#### Exercise directions
Only the lines below from the one that holds "Customer photo review" through the one that holds "Chosen by Bloomingloft" should appear in the answer, copied exactly, end lines included and pictures omitted.

#### Input

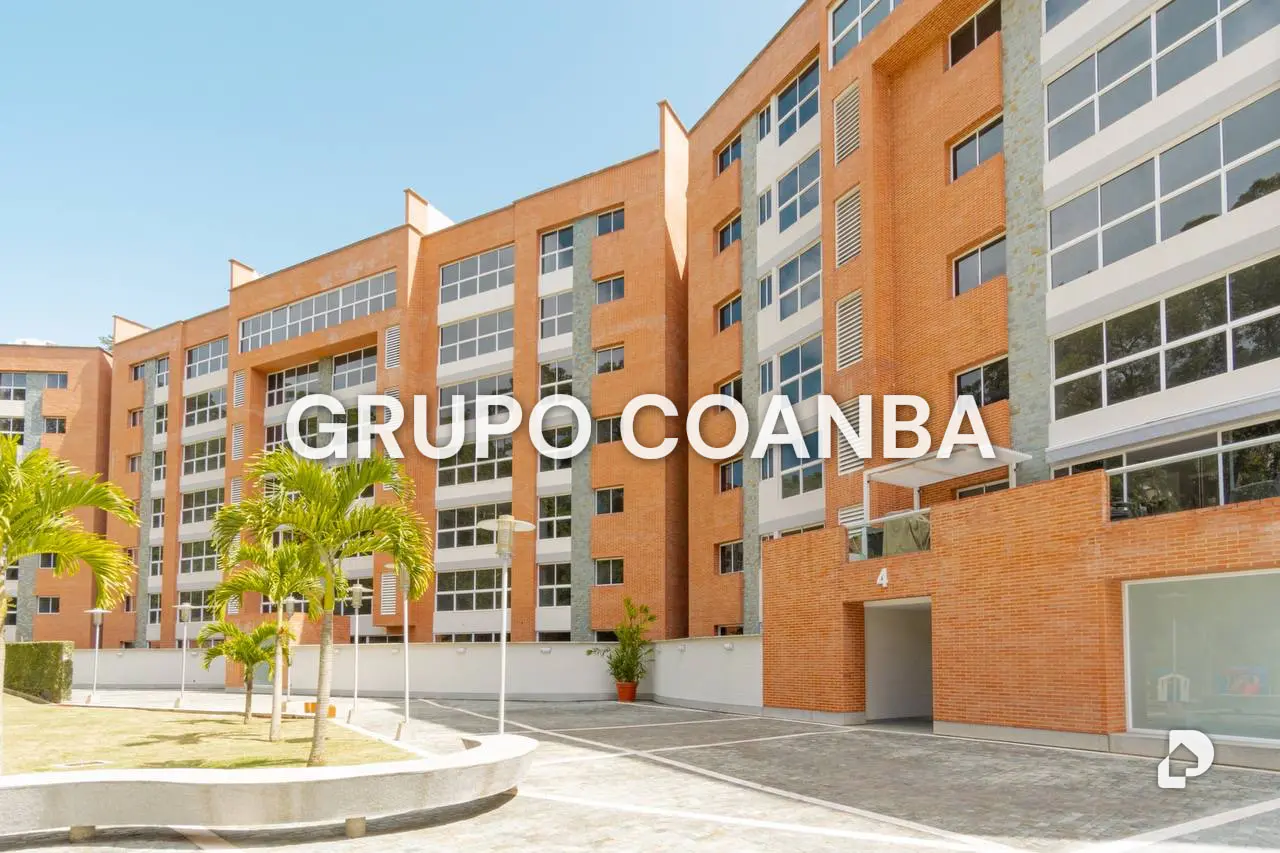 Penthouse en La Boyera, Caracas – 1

---

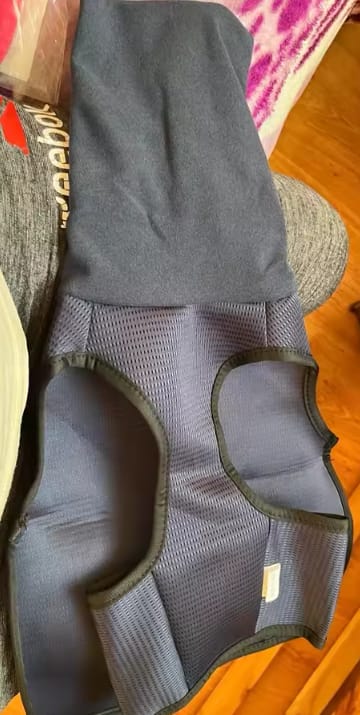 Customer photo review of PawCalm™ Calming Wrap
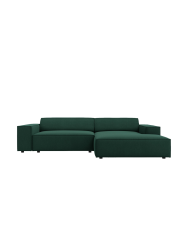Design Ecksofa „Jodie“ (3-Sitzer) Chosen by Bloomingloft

#### Exercise output
 Customer photo review of PawCalm™ Calming Wrap
Design Ecksofa „Jodie“ (3-Sitzer) Chosen by Bloomingloft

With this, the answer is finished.